Il giocatore più chiacchierato della offseason è stato, a mani basse, DeSean Jackson, i 24 milioni in 3 anni con cui l’hanno convinto i Redskins sono solo una parte della saga che c’ha incuriosito 7 mesi fa. A Washington per ora ha collezionato 26 ricezioni per 528 yard e 3 TD in 7 partite, alcune delle quali giocate con qualche problema fisico, siamo ai suoi massimi livelli per yard a ricezione, venendo però coinvolto forse meno di quanto ci si aspettasse. Di certo non aiuta nel suo inserimento la querelle QB che ha visto sinora 3 giocatori diversi dietro al centro. Nel complesso sta rendendo per quanto firmato e per il giocatore che è e sempre sarà, in grado di spaccare le partite in due, ma strutturalmente incostante, pagando un po’ la sua monodimensionalità e la sua instabilità caratteriale.

Giocatore finito? Not so fast, my friend

Giocatore finito? Not so fast, my friend

Chi invece, da par suo, ha dato un calcio a tutte le voci di “giocatore finito” è stato Steve Smith (che nel passaggio dai Panthers ai Ravens ha aggiunto anche un Sr. al suo cognome).
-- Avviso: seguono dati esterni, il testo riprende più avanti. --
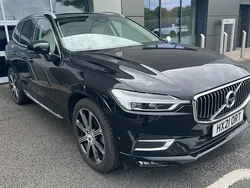 Used 2021 Volvo XC60 Inscription SUV | £29,357 (Fair price)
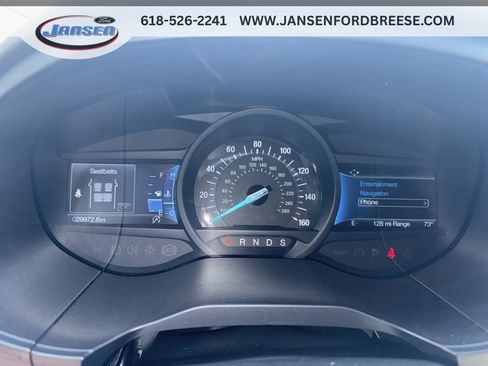 Used 2024 Ford Edge Titanium w/ Equipment Group 301A AWD/4WD image 21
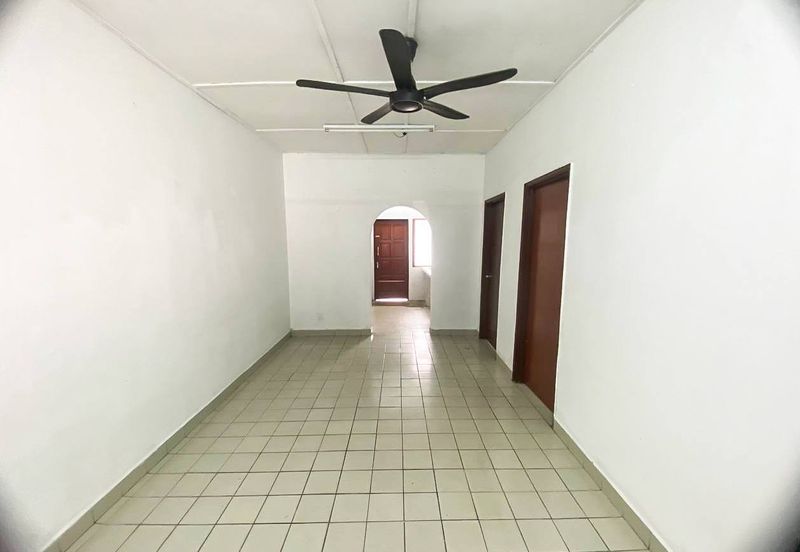 Seksyen 17, Shah Alam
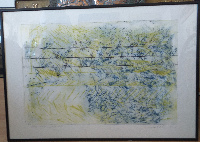 Bordering Landscape — Nistor Coița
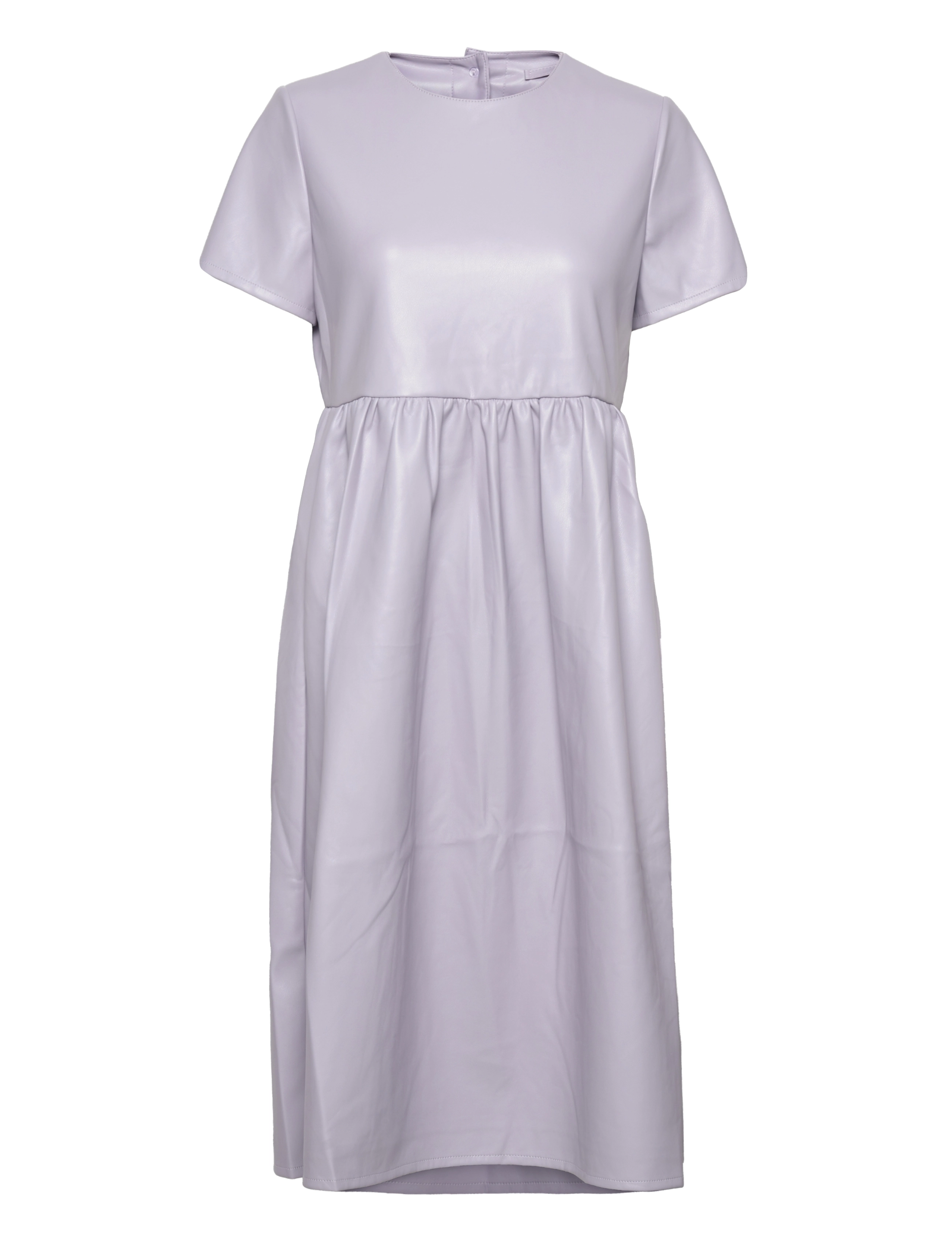 RUBY DRESS - LAVENDER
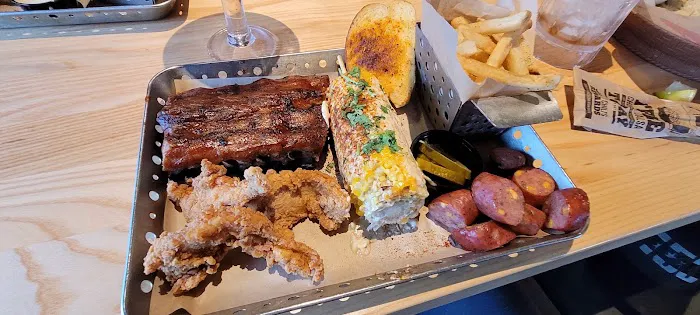 It's Just Wings 7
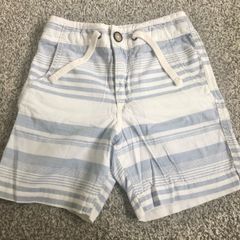 BabyGap toddler shorts 4 years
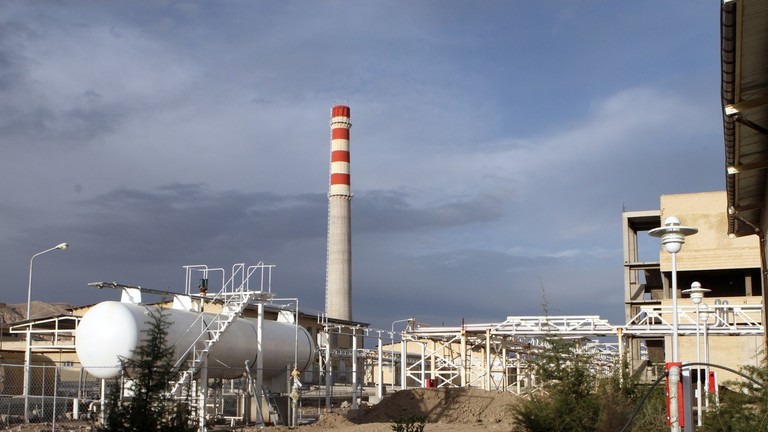 Did Iran Outsmart the Pentagon? 200kg of Enriched Uranium Missing After Airstrikes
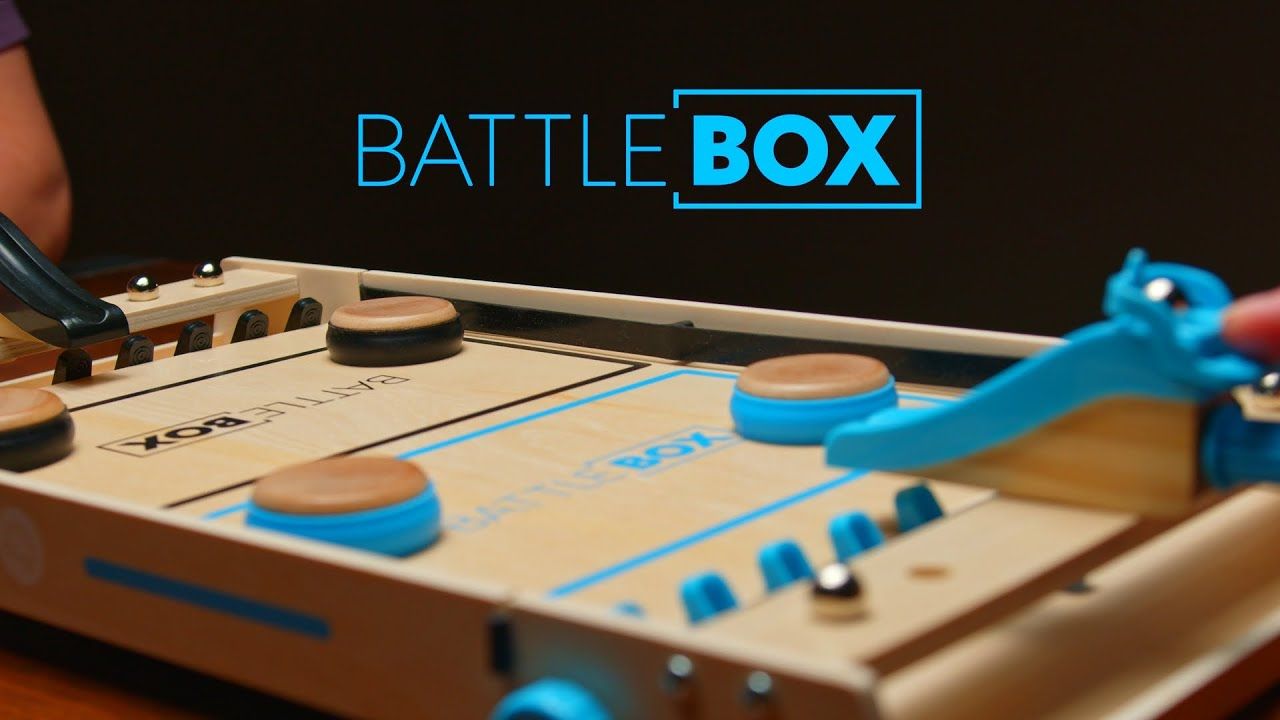 Battle Box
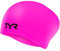 TYR Erwachsene Badekappe Silicone Swim Cao, Multicolor, One Size, LCSL693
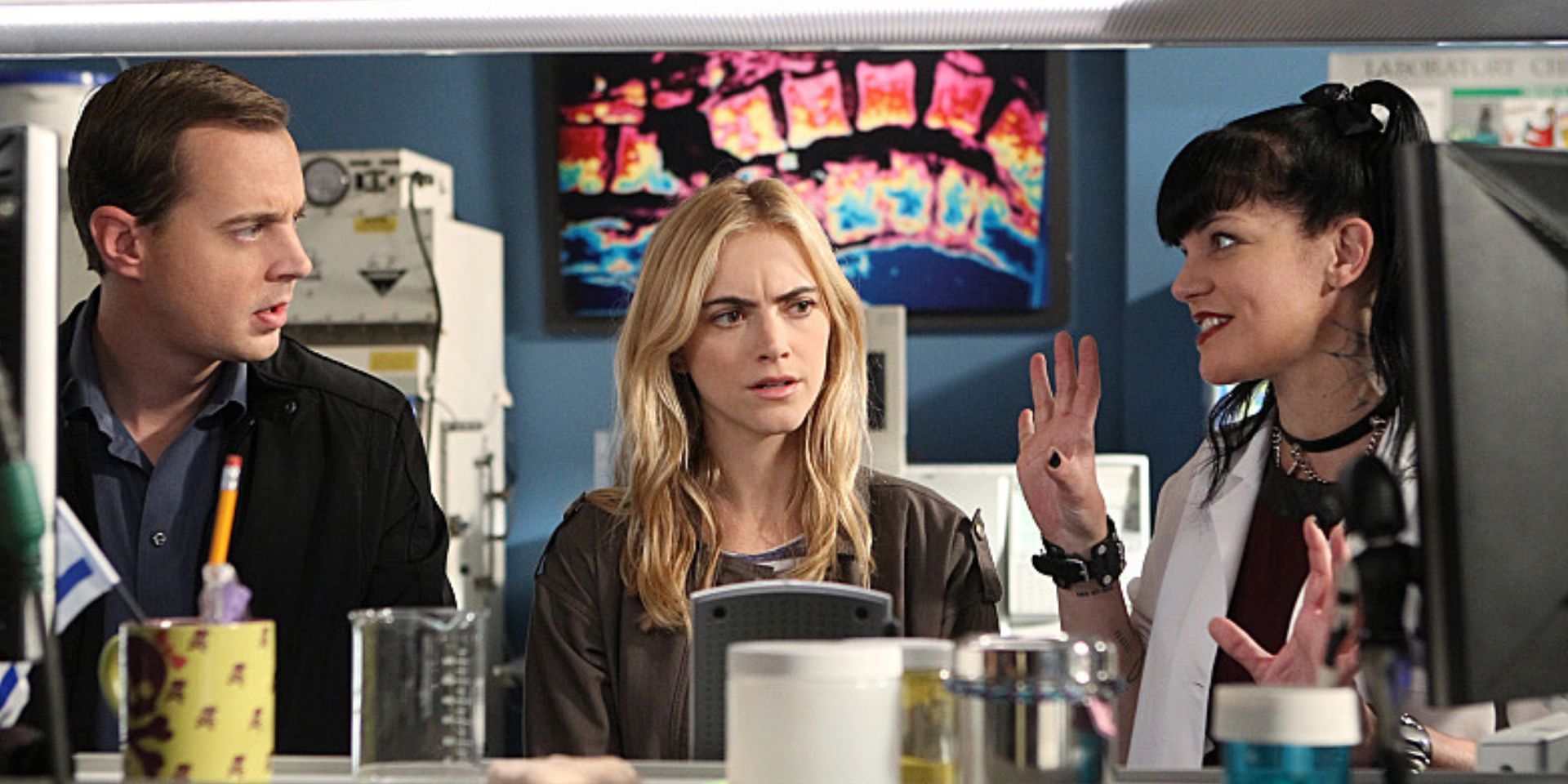 15 Best NCIS Seasons, Ranked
Anche il contratto che ha firmato (10 milioni in 3 anni), parlava di un giocatore attorno al quale c’era ben poco interesse, poi il campo ha detto la sua e dopo 7 partite ci restituisce un WR che è nei primi 10 per yard ricevute (640), per ben 4 volte sopra le 100 yard e con la chicca della partita da 2 TD proprio contro la sua ex squadra nei confronti della quale il dente era più che avvelenato. Di avere una partita con segnature multiple non gli accadeva dall’11 settembre del 2011, ha già pareggiato i TD messi a segno l’anno scorso (4) ed è vicino a pareggiare il numero delle yard (745 nel 2013), non era finito, ma, a 35 anni, il cambio di squadra e nuove motivazioni (essenziali per un giocatore carismatico come lui) devono sicuramente avergli fatto bene.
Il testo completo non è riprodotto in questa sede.